According to the Judiciary Committee press statement, arbitration clauses are often "buried within 40- or 50-page admission documents they are asked to sign during the admissions process." The statement said the bill would "ensure that arbitration is a voluntary and not a coerced forum to resolve disputes."

In e-mail correspondence, Sarah Mashburn, spokesperson for the American Association of Homes and Services for the Aging (AAHSA; Washington), told Medical Device Daily that the association "opposes both the House and the Senate versions because both versions suggest that this type of waiver can never be done fairly (knowingly and voluntarily) and that arbitration agreements have a negative impact on quality."

Mashburn said "there is no relationship between the forum where a dispute is resolved and the requirement to provide quality care." She also stated that a "blanket prohibition ... is unnecessary" because "courts are already doing their job of policing these agreements."

AHRQ publishes guides to prevent DVTs

Deep-vein thromboses (DVTs) and other blood clots take a huge toll on the lives of individuals and cost the U.S. economy plenty, and the Agency for Healthcare Research and Quality has published two guides to help patients and doctors ward off this often-deadly event.

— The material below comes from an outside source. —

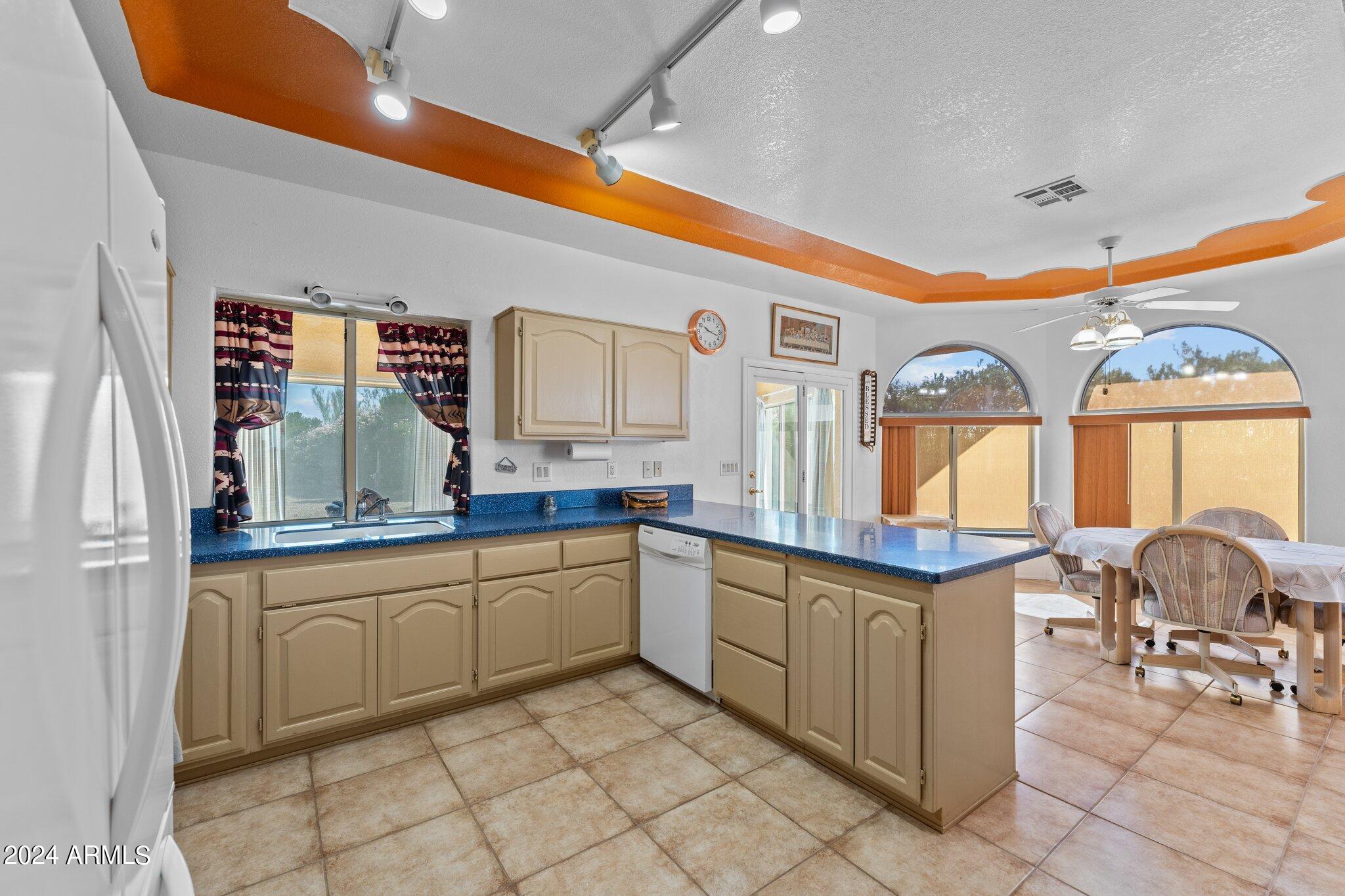 1216 Easy Street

The Sept. 15 AHRQ statement noted that DVTs affect "at least 350,000 and possibly as many as 600,000 Americans each year," and AHRQ Director Carolyn Clancy, MD, said "we know how to prevent many of these dangerous blood clots, and these guides will help patients and clinicians put that knowledge to work to improve care."

The booklet for consumers, titled Your Guide to Preventing and Treating Blood Clots, is described as "a 12-page easy-to-read resource that helps both patients and their families identify the causes and symptoms of dangerous blood clots, learn tips on how to prevent them and know what to expect during treatment." The guide for doctors, Preventing Hospital-Acquired Venous Thromboembolism: A Guide for Effective Quality Improvement, is a 60-page guide serving as "a comprehensive tool to help hospitals and clinicians implement processes to prevent dangerous blood clots."

Acting Surgeon General Steven Galson, MD, said the guides are "timely, easy-to-read guides [that] provide valuable information on preventing and treating dangerous blood clots."